軽減税率のニュースを時々目にするたびに「なぜ?」と、思うことがある。
例えば、先日あったニュースでは「合いびき肉とパン粉も対象とする」という、内容のものがあった。
毎日食事を作っている方なら、「は?」という内容だろう。
「合いびき肉とパン粉」で作る料理は、ハンバーグ。
ハンバーグを作るための、大切な材料なのだ。
それを軽減税率の対象としない、というのは「なぜ?」というよりも、「議論の対象とするコト自体おかしいでしょう!」という気になる方のほうが多いのでは?
議論となった理由は、「加工食品」というだったらしい。
確かに「合いびき肉」は、牛肉と豚肉を加工したものだし、「パン粉」もパンを粉にした加工したものだ。
ただ、それだけで食べるという人は、いないだろう。
同じ発想でいうなら「塩鮭」や「魚の干物」、「ハム・ソーセージ」は、軽減税率の対象にはならない、ということだろうか?
「加工した食材」という、発想はないのだろうか?
そんな議論を自民党と公明党の間で、行われているという。
自民党は「生鮮食料品」を軽減税率の対象と限定しているのに対して、公明党は「食品」を軽減税率の対象とすべきである、と言っているかららしい。
その「攻防」を示すようなニュースが、毎日新聞や産経新聞に掲載してある。
毎日新聞:軽減税率 対象品目「線引き」めぐり平行線 自民・公明
産経新聞(Yahoo!トピックス):軽減税率 公明「加工食品も」VS自民「分類難しい」
そもそも軽減税率というのは、所得の低い世帯は「食品購入」の支出割合が高いので、税負担を軽くするコトを目的としていたはずだ。
最も「食品購入」だけを対象とすると、高所得者が高級食材を購入した場合のほうがメリットが高く、中間所得者以下には、メリットが少ないのでは?という指摘も一理だとは思う。
ただ現実として、「低所得者への税負担を軽くする」という点では、それなりのメリットがはあると思う。
それを「生鮮食料品」を限定にすると、実は低所得家庭ではあまり恩恵がない。
というのも低所得家庭では、「加工食品」を購入する率(=購入額)が多く、「生鮮食料品」の中でも、そのまま食べるコトができる「刺身」のようなモノを食べる機会はあまりないからだ。
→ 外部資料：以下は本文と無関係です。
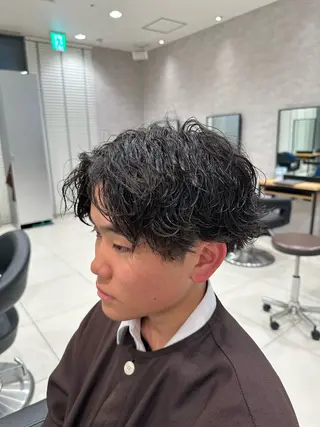 パーマ メンズ 飯塚 竜之介のヘアスタイル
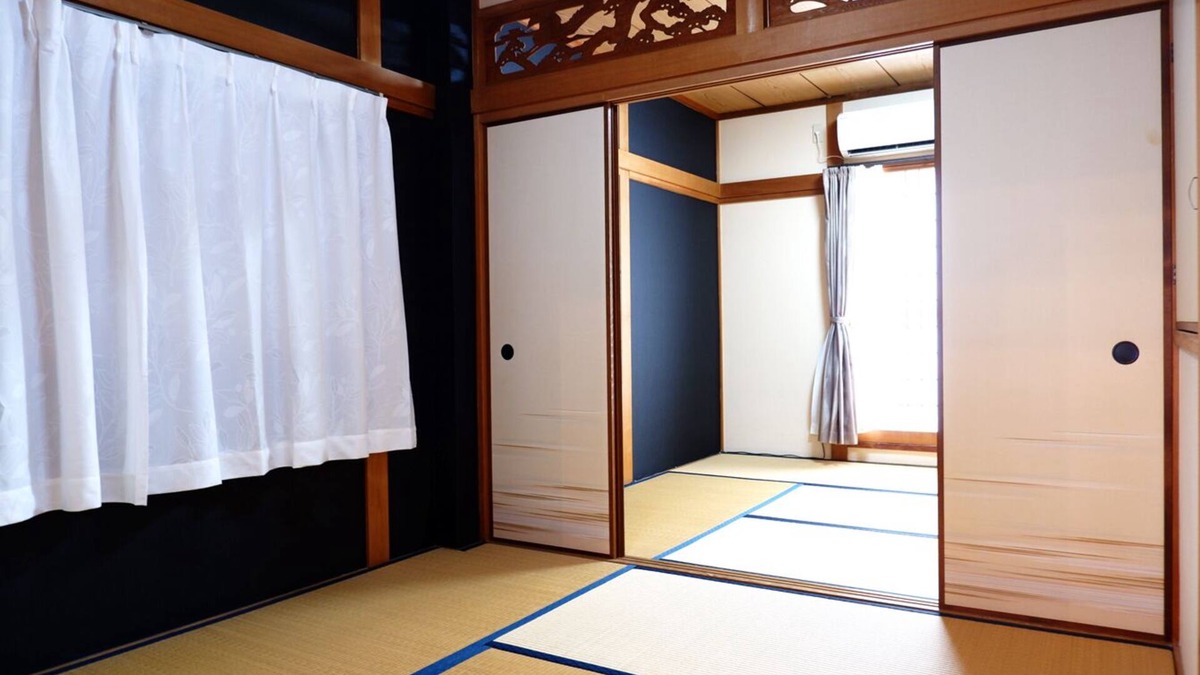 Nishiyodogawa-ku House | 0 minutes walk from the nearest station! 20 minutes to USJ and Osaka Station, direct access to Kobe, Namba, and Nara.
逆に「刺身」のようなメニューが、食卓に登場するコトが多い家庭は、裕福な家庭のほうが多いのではないだろうか?
となると、軽減税率を実施する意味は、ほとんどなくなってしまう。
そう考えると、自民党(も財務省も)軽減税率を実施する気はあまりなく、「とりあえず実施しました」ということにしたいのかな?と、勘繰りたくなるのだ。